NORRISTOWN, Pa. (AP) — A judge admonished lawyers on both sides of Bill Cosby's sexual assault case today after a courtroom shouting match over the defense team's practice of publicizing the names of the women accusing the comedian of sexual assault.

Judge Steven O'Neill of Montgomery County Court denounced the outburst as uncivil. It came at the start of what is expected to be a two-day hearing on whether prosecutors will be allowed to call 13 accusers as trial witnesses, a key part of their strategy to show the 79-year-old Cosby had a decades-long habit of drugging and molesting women.

Cosby's lawyers want the accusers barred from testifying at his trial on charges that he sexually assaulted a woman at his suburban Philadelphia home in 2004. The defense was expected to attack their credibility and relevance as they try to keep them off the witness stand.

They encountered an early setback today when Judge O'Neill refused to hear from one of their experts, Elizabeth Loftus, a psychologist who has questioned the reliability of eyewitness and witness memory.

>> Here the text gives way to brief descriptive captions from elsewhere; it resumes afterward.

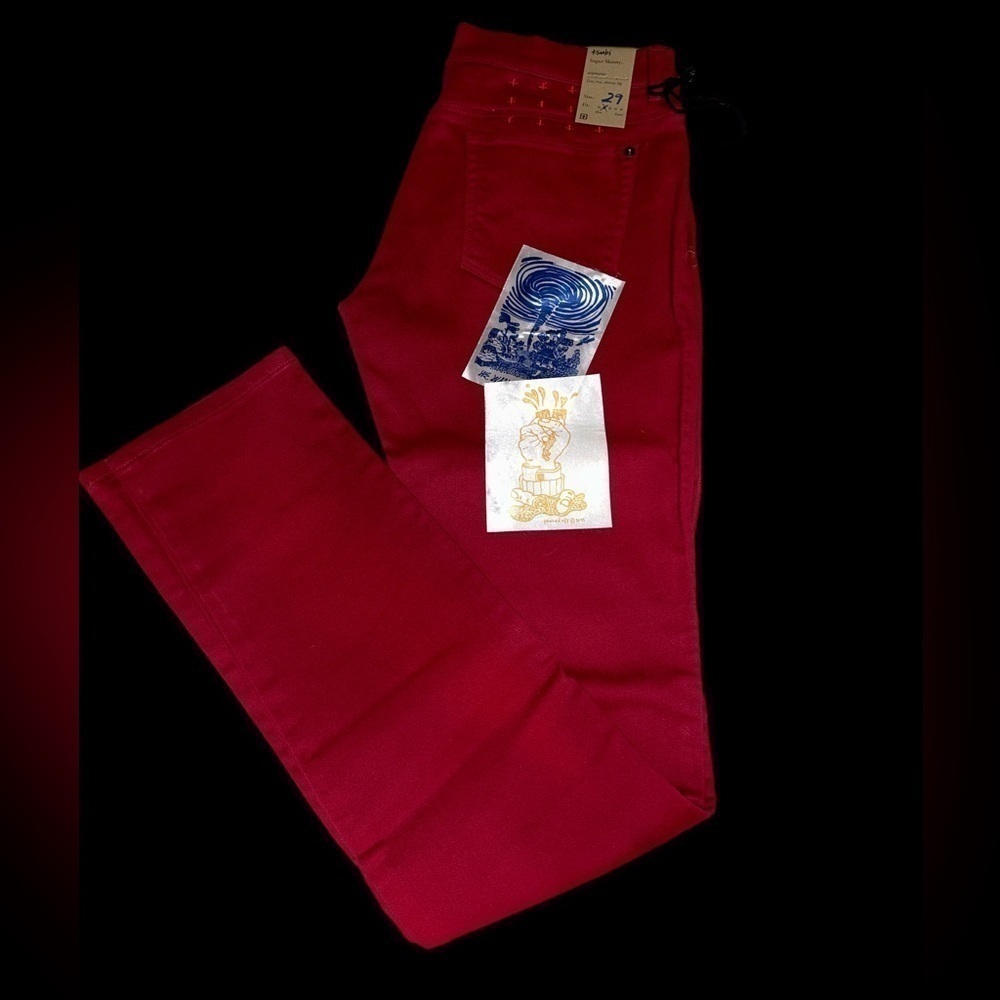 Ksubi  Red Jeans Super Skinny Low Rise Apache Leather- Women’s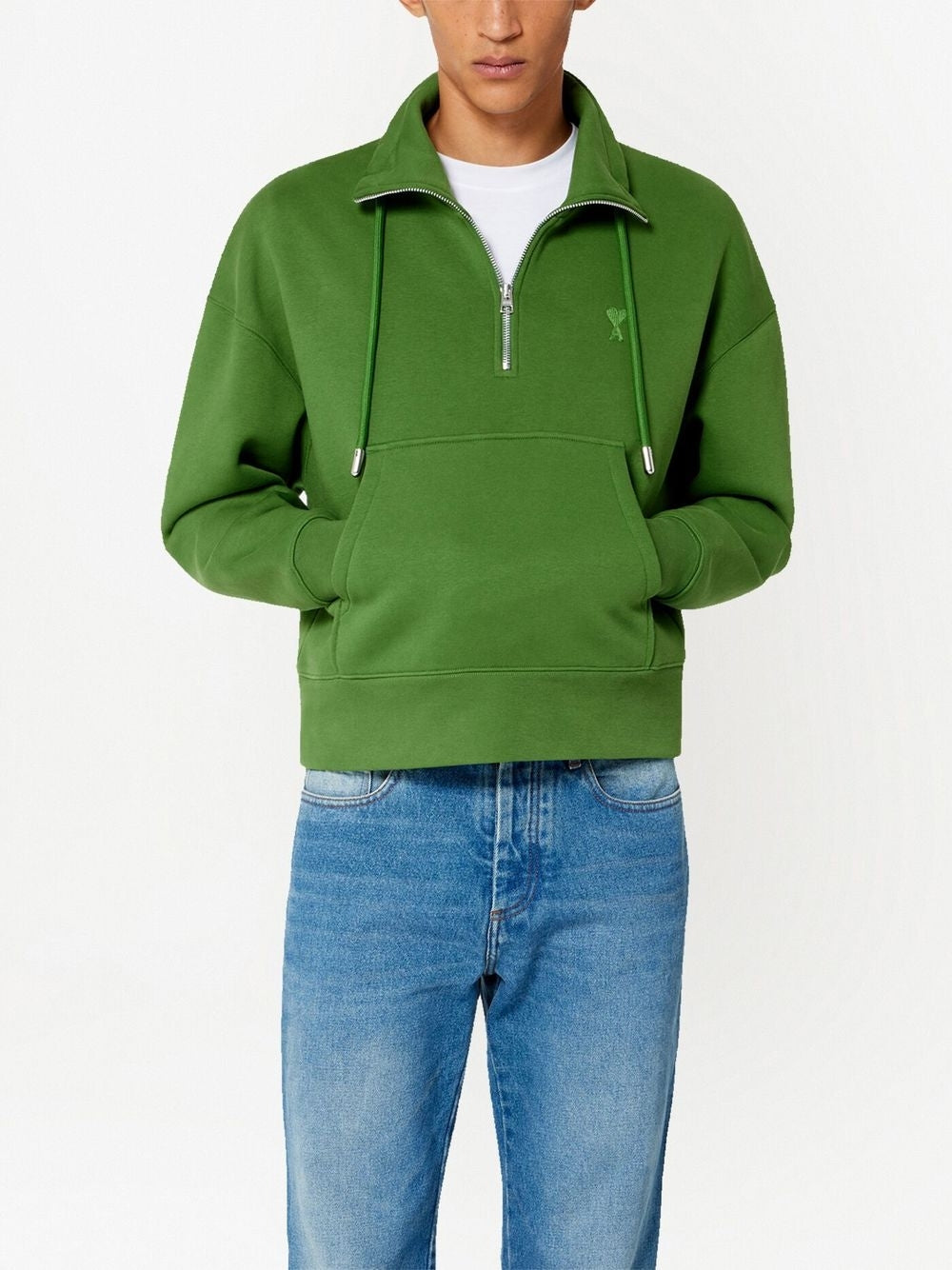 AMI Small Heart Logo Half Zipped Sweatshirt (USW512.740)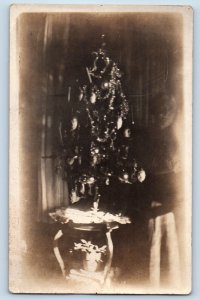 Woman Postcard RPPC Photo Christmas Tree Scene c1910's Unposted Antique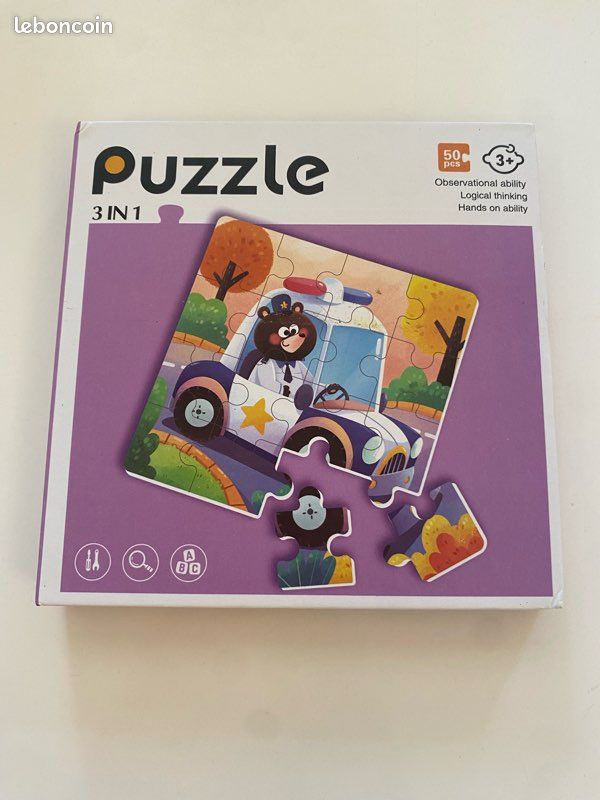 Livre puzzle enfant 3 en 1 50 pièces thème véhicule transport animal 3+ ans (image 1)
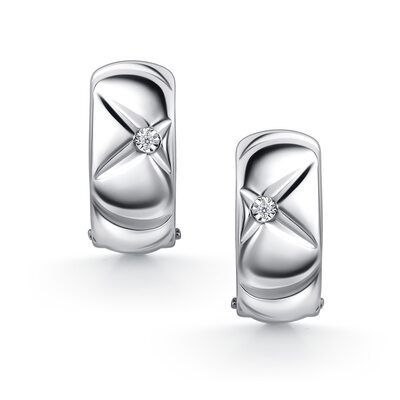 Серьги с бриллиантами из серебра 925 пробы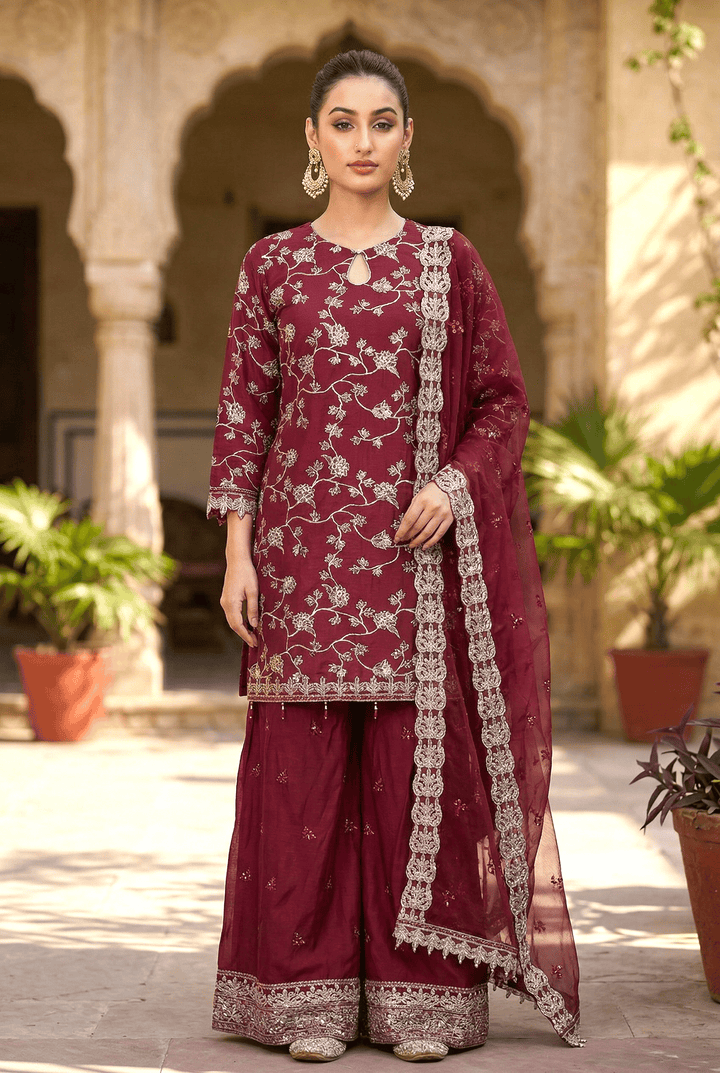 Chashni by Maherposh RTW Embroidered Raw Silk 3 Piece Suit FHM-1045-M Festive Collection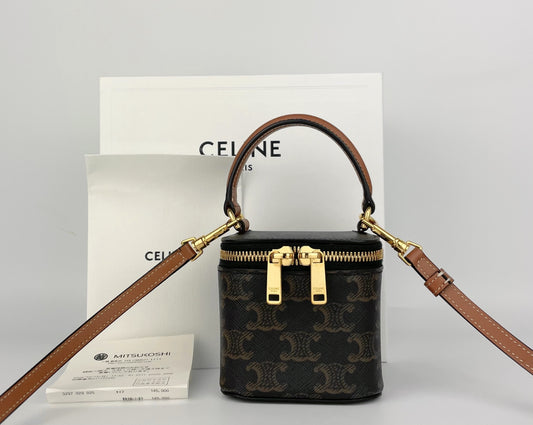 CELINE Triomphe PVC and Leather 2-Way Vanity Bag, Brown, Shoulder Bag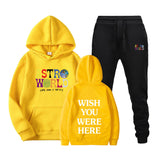 Travis Scott Astroworld Hoodie & Pant 2 Piece Set Men's and Women's Hoodie Leisure Sports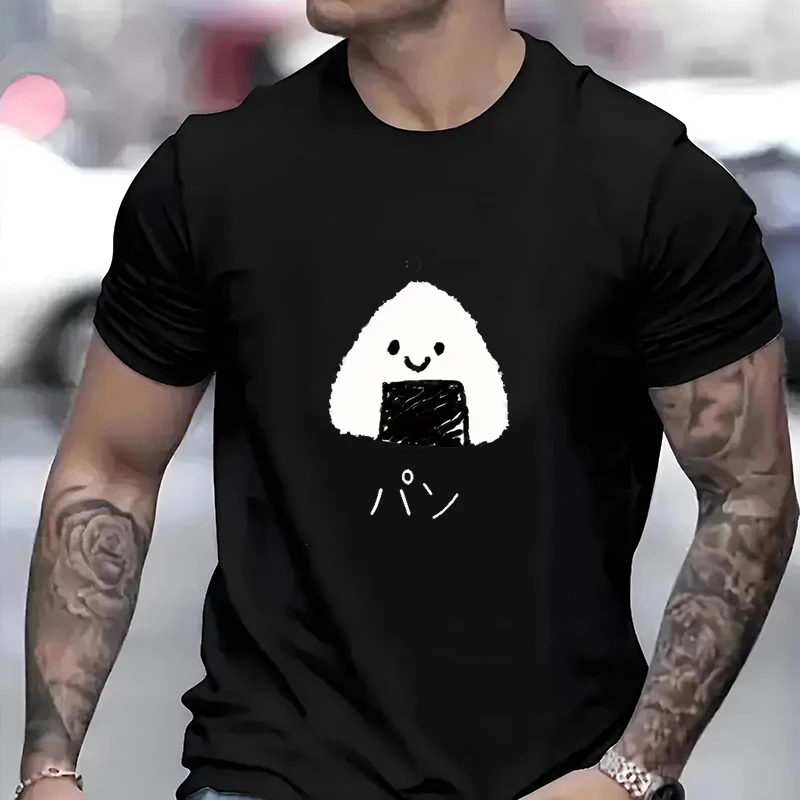 

Cartoon Rice Ball Japanese Style Y2k Simple Men Women T-shirt Cute Loose Casual Sports Hip-hop Unisex Shirt Street Harajuku Tees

The judge said Loftus wouldn't help him decide if the accusers can testify but added she might be allowed to take the stand at Cosby's trial next year.

The high-stakes hearing was testy from the start, as District Attorney Kevin Steele clashed with Cosby lawyer Brian McMonagle over the defense's insistence on identifying accusers by name in public documents and a court hearing.